#### What to do:
For this exercise, return all the data word for word, with images left out.

*** Opening Raw data ***

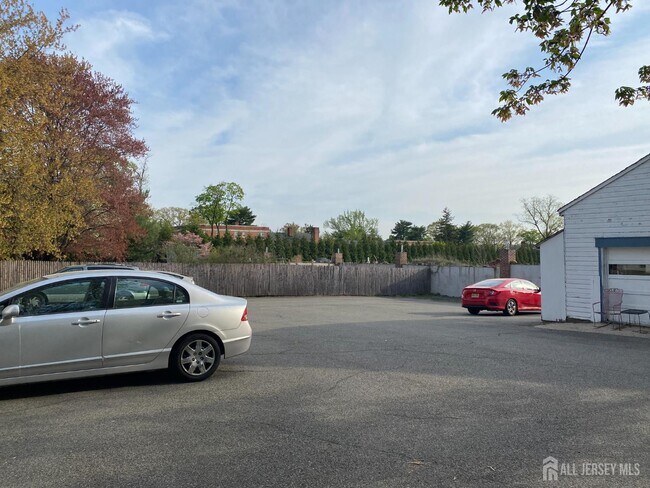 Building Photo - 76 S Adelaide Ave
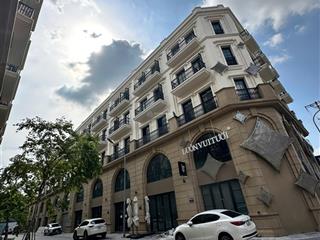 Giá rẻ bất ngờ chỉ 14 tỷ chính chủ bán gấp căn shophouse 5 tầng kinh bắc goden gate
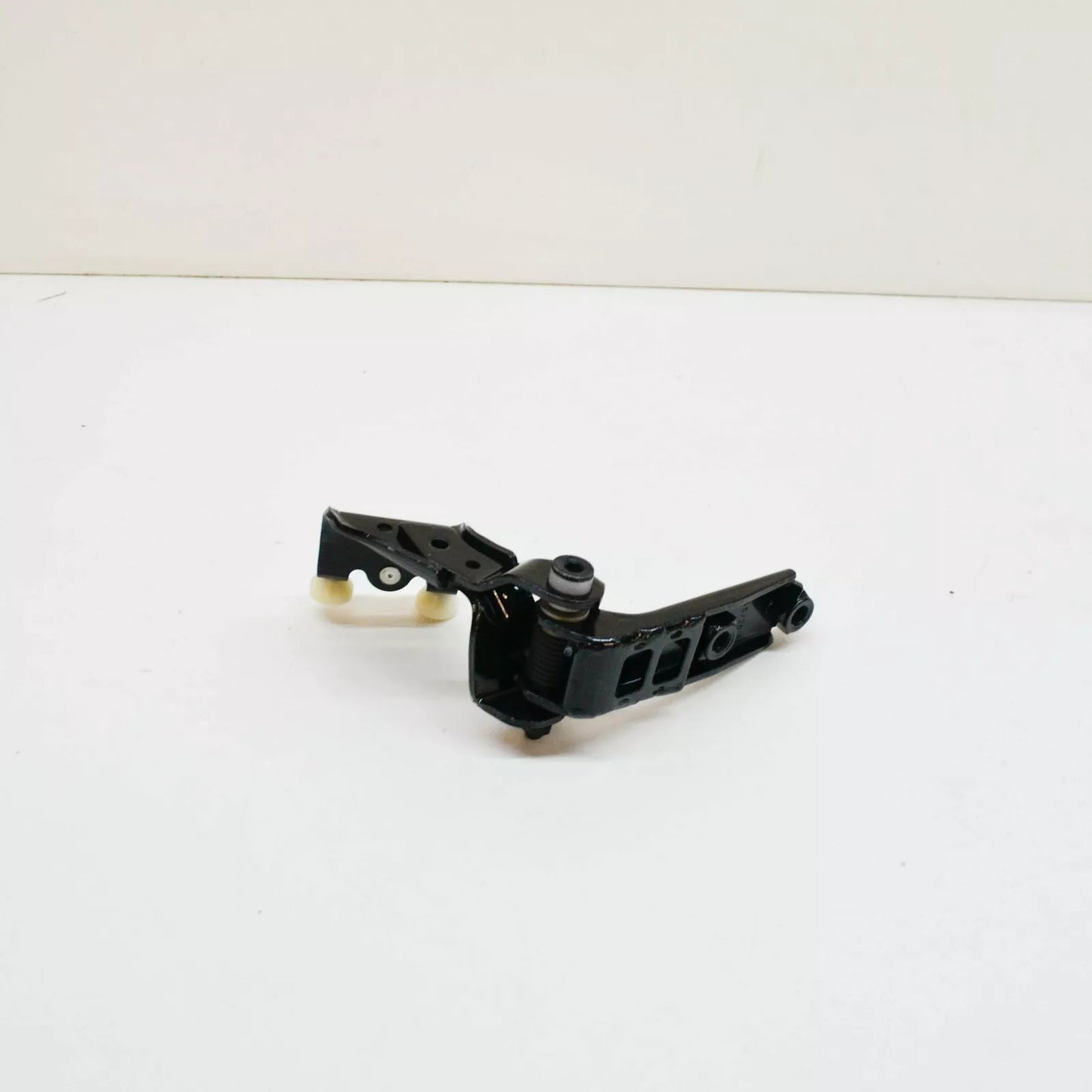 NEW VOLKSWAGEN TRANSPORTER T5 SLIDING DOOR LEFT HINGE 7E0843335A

*** Closing Raw data ***

#### Written answer:
 Building Photo - 76 S Adelaide Ave
 Giá rẻ bất ngờ chỉ 14 tỷ chính chủ bán gấp căn shophouse 5 tầng kinh bắc goden gate
 NEW VOLKSWAGEN TRANSPORTER T5 SLIDING DOOR LEFT HINGE 7E0843335A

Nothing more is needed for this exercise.